= Tapete =

Audio cassette format for audiobooks for the blind

Tapete, also known as Mark IV cassette, is an audio cassette format designed for audiobooks developed for the Royal National Institute for the Blind (RNIB). It was developed by the firm of Clarke & Smith Industries of Wallington, Hampshire, and could store over twelve hours of speech yet was compact enough to be sent in the post. It also featured a spoken index track, allowing for rewind and fast forward by section for blind users.

The Tapete was developed for the Mark IV playback system, which was a refined version of the earlier "Mark I" system introduced by the RNIB in 1959. Prior to introduction of the Mark IV system, 6 lb cassettes were mailed to 22,000 subscribers.

The format was in "large-scale use" by the RNIB by mid-1969. It was mainly used in Great Britain and a few other Commonwealth countries, with other markets such as the United States and most other European countries opting to maintain disc-based systems for audiobooks. The only other Western European countries to adopt the system were Switzerland, Spain and Finland.

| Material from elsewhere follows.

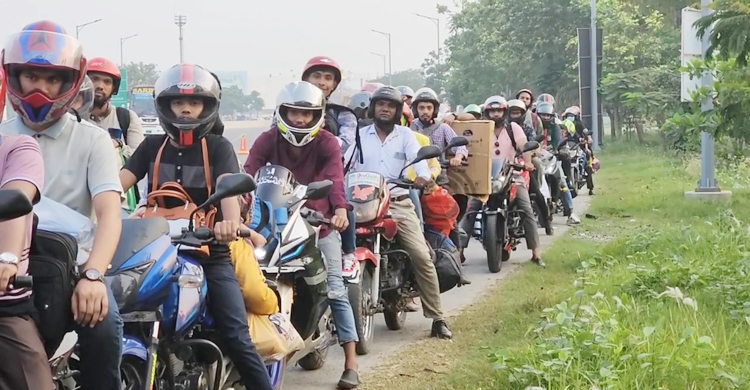 পদ্মা সেতু দিয়ে আজও মোটরসাইকেল পারাপারের হিড়িক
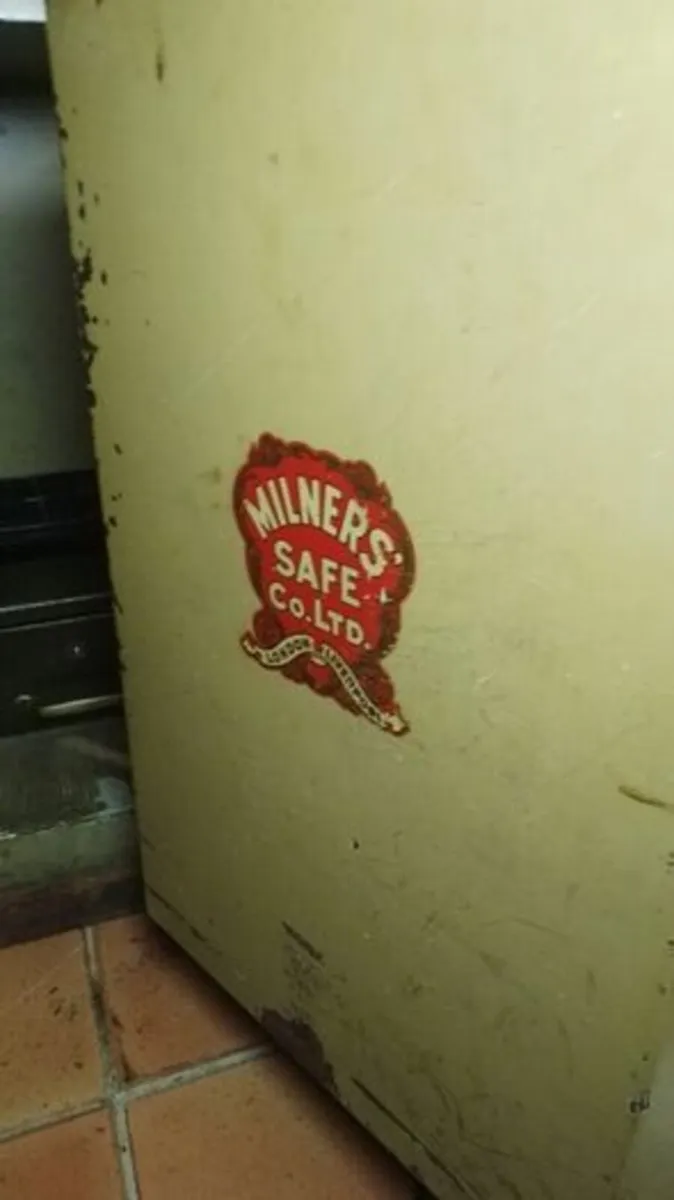 Milners Patent Fire Resisting Special Safe - Image 4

Clarke & Smith as a company became increasingly reliant on the RNIB contract by the mid-1970s. As early as the 1980s, the RNIB investigated newer, digital formats, and in the later part of the decade it commissioned another company to reverse engineer the format. The RNIB began preparing its transition to the Digital Accessible Information System (DAISY) in the late 1990s, pulling its contract at the same time that Frank Clarke, the company's founder, unexpectedly died.